La libertà di espressione e di informazione non sono diritti scontati in molti Paesi nel mondo, neanche nei Paesi più sviluppati.
La recente uccisione in un raid israeliano di cinque giornalisti nell’attacco all’ospedale Nasser di Gaza ha sollevato questo tema. Lo sapevamo che raccontare quel che succede laggiù è a rischio di morte: questi sono solo gli ultimi degli oltre 200 giornalisti uccisi su quella terra martoriata dove Israele ha deciso che non possono entrare giornalisti stranieri.
Oltreoceano, in quella che si definiva la patria delle libertà fondamentali, gli USA, la libertà di espressione ed informazione è stata garantita, finora.

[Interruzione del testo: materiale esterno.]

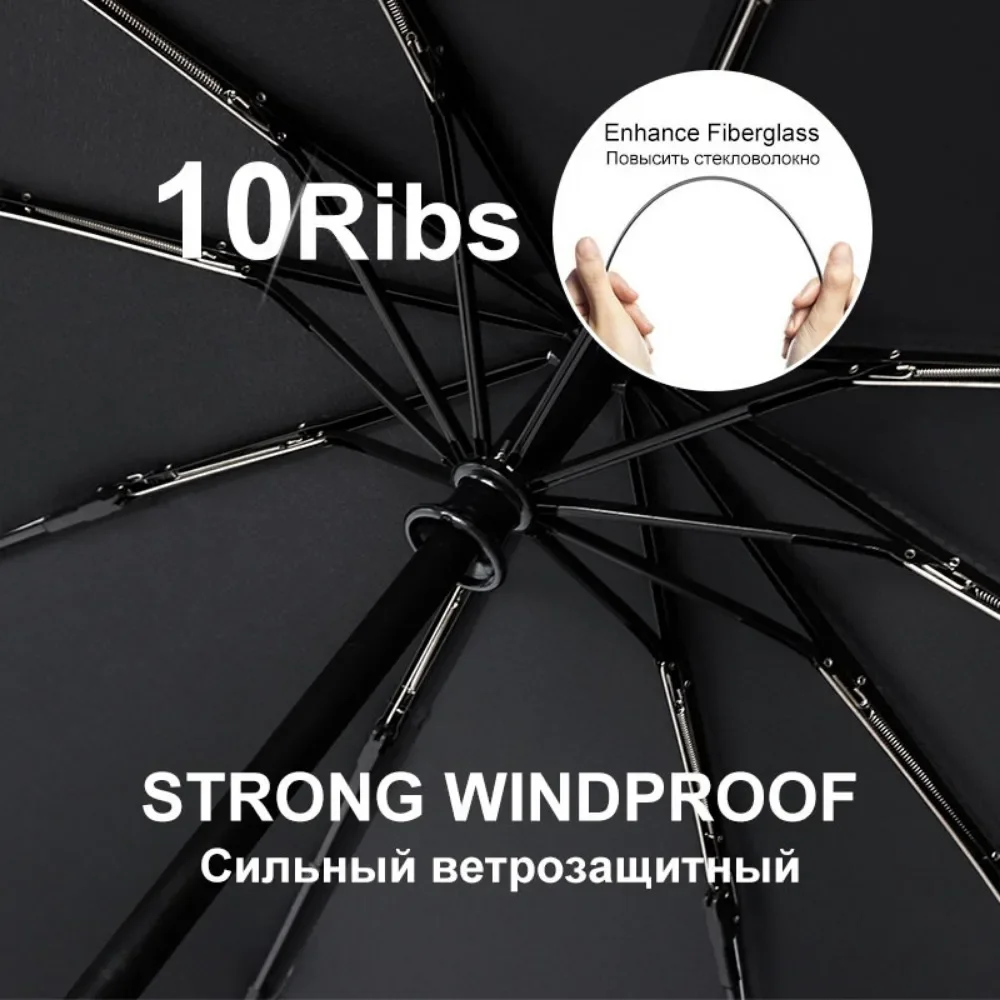 Genuine Parachase Folding Umbrella Brand Business Men Automatic Umbrella Rain Windproof Curved Handle Prasols for Adult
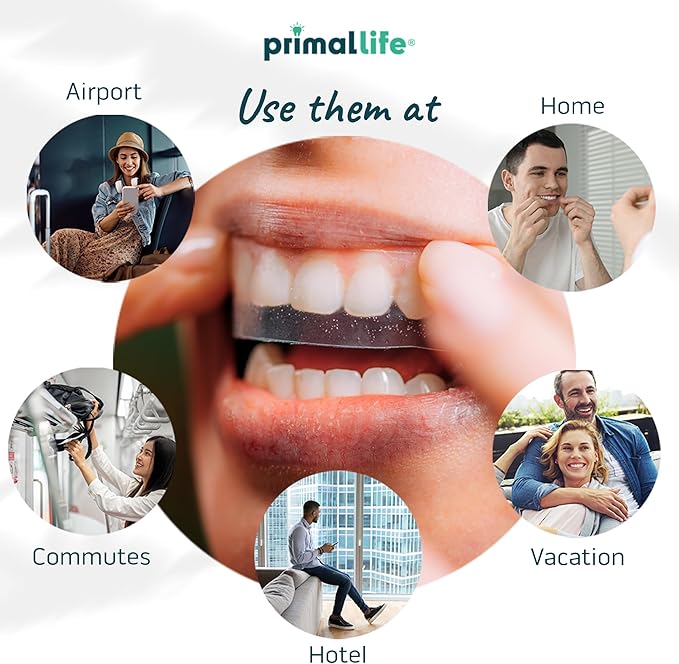 Primal Life Organics Real White Teeth Whitening Strips, All-Natural, Peroxide-Free, 28 Strips, 14 Treatments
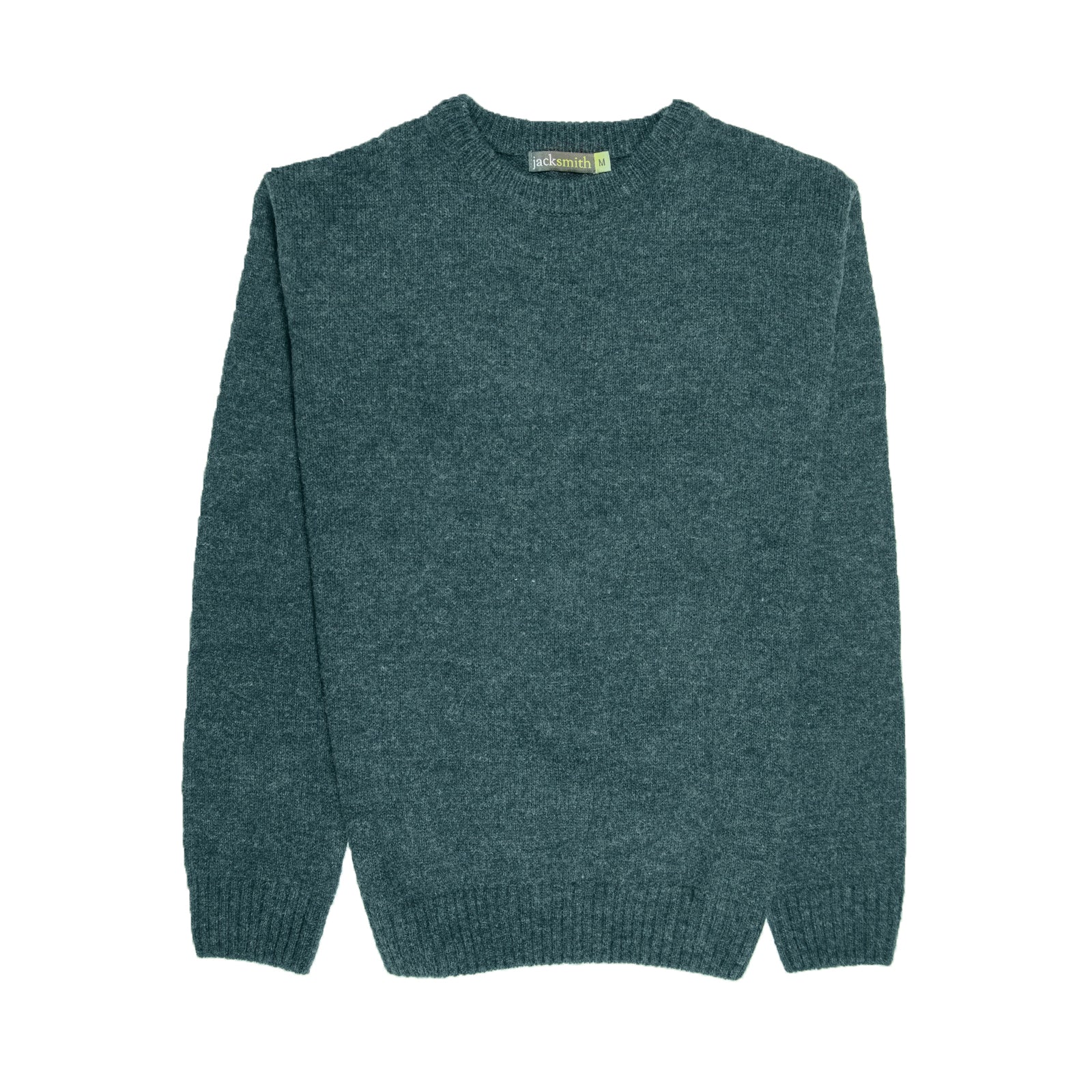 100% SHETLAND RAGG WOOL CREW Round Neck Knit JUMPER Pullover Mens Sweater Knitted - Sherwood - XXL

Ma con l’avvento di Trump sono state intraprese diverse azioni per aggredire l’informazione libera. Prima con la chiusura della storica emittente Voice of America, poi, nei scorsi giorni, il tycoon ha dichiarato di voler revocare le licenze alle emittenti NBC ed CBS definendole le peggiori al mondo e rimarcando che “il giornalismo’ corrotto non dovrebbe essere premiato, dovrebbe essere abolito!”
L’informazione libera non piace al modello autocratico di democrazia.
Del resto il suo amico Putin da sempre non ama chi ha un’opinione diversa dalla sua.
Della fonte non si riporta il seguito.